About this task | Within the material below, how many lines include the word "Small"? Only the number should be given.

Record excerpts |
------

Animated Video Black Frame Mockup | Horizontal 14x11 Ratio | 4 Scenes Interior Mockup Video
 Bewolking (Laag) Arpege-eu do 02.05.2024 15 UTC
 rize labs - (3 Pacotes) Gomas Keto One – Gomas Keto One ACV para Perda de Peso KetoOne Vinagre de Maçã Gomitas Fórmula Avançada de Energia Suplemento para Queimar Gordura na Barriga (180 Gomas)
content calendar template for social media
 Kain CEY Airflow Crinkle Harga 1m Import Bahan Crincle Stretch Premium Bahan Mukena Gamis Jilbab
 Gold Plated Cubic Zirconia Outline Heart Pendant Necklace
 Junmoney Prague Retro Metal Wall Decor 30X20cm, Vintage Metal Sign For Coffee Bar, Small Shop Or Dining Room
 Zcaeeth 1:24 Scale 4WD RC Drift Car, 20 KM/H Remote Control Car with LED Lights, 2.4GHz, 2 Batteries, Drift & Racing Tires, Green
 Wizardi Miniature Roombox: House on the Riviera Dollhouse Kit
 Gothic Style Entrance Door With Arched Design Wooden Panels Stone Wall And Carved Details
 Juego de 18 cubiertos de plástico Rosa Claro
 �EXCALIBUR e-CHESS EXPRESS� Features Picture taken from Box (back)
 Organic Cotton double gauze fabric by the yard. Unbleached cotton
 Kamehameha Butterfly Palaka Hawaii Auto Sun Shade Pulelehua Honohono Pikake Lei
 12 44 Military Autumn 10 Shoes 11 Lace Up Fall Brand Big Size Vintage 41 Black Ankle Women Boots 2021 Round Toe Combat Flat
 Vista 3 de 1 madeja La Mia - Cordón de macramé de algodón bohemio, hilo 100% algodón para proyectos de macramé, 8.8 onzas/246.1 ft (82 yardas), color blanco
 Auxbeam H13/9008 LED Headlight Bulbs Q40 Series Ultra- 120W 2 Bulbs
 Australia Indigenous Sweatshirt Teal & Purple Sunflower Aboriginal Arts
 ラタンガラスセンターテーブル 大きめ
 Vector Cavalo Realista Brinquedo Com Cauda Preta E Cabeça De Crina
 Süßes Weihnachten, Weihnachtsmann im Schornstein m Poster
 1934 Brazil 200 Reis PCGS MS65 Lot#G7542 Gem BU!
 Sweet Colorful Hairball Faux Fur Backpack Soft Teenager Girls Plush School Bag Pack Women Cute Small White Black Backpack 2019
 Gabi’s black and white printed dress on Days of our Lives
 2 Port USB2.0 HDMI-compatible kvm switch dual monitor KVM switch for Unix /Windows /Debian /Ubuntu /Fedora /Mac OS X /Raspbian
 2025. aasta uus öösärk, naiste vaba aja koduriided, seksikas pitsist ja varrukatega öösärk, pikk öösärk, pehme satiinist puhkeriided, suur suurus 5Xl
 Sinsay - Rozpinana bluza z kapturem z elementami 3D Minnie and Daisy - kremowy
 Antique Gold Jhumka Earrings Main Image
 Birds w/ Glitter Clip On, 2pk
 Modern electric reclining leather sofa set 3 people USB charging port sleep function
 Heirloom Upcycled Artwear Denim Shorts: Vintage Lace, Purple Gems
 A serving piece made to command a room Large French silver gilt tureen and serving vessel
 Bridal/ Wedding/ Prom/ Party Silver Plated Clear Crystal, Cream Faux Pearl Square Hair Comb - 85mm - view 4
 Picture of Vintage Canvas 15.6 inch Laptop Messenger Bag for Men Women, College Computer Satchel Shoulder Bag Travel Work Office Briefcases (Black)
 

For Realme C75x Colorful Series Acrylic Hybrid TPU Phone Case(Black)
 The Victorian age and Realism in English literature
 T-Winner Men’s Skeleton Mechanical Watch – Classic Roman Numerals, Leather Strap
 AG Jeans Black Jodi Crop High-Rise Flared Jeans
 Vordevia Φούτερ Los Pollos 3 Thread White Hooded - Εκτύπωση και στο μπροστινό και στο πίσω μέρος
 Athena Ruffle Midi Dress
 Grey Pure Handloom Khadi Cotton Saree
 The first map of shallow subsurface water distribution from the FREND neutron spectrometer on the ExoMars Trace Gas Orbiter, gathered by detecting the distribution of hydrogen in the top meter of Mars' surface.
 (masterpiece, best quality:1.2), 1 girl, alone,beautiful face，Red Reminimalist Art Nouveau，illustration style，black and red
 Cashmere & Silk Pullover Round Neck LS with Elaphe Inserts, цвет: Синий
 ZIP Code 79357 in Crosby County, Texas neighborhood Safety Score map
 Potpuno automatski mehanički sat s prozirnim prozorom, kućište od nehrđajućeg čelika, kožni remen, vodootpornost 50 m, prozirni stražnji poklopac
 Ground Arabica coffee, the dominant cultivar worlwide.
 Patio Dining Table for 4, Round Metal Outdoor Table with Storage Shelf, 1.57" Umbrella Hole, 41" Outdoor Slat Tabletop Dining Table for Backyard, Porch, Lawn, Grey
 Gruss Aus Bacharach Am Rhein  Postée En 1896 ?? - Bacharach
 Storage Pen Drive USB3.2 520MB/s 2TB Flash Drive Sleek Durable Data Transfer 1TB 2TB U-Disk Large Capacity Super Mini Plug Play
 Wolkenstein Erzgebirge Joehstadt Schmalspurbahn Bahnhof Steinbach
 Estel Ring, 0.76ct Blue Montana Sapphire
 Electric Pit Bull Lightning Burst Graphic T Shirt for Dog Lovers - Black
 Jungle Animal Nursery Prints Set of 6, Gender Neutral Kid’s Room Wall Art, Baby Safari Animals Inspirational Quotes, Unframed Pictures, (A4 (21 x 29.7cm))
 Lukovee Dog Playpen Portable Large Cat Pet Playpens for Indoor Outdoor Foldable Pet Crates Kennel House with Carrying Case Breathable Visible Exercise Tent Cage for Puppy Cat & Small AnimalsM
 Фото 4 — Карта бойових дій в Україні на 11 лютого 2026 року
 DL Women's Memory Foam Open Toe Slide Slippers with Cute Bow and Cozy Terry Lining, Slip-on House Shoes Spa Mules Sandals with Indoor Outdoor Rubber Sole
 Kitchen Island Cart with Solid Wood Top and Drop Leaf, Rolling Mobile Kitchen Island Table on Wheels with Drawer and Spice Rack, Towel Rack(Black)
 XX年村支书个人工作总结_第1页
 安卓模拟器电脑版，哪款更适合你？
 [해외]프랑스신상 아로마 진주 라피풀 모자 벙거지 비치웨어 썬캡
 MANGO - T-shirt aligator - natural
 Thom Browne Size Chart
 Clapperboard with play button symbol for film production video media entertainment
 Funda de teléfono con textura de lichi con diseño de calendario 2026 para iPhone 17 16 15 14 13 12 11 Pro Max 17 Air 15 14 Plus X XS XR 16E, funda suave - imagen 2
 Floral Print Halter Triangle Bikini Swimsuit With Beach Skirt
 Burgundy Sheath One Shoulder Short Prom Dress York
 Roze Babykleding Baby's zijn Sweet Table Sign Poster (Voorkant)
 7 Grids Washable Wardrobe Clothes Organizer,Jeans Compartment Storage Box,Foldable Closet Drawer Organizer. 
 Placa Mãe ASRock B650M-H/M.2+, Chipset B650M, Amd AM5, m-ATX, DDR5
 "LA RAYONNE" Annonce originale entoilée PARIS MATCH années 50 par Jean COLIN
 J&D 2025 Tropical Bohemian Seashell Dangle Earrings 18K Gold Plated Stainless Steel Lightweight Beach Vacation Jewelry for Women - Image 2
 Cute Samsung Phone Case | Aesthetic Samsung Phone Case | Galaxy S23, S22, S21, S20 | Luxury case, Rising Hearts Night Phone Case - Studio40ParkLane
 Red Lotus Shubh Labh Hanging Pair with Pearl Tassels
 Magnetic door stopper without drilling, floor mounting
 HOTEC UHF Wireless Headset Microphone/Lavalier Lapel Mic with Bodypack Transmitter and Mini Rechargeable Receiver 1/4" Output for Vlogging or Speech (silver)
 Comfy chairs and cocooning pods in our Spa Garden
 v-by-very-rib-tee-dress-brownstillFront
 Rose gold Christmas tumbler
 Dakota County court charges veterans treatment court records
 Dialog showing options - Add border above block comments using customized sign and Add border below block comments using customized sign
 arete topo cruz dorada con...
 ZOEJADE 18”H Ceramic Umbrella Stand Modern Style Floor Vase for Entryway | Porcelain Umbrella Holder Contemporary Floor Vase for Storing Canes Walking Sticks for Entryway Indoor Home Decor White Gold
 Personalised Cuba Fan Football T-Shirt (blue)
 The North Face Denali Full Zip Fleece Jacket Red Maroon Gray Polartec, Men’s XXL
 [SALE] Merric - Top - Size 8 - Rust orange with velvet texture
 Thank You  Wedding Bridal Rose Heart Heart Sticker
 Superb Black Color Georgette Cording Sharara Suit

------

Exercise answer | 3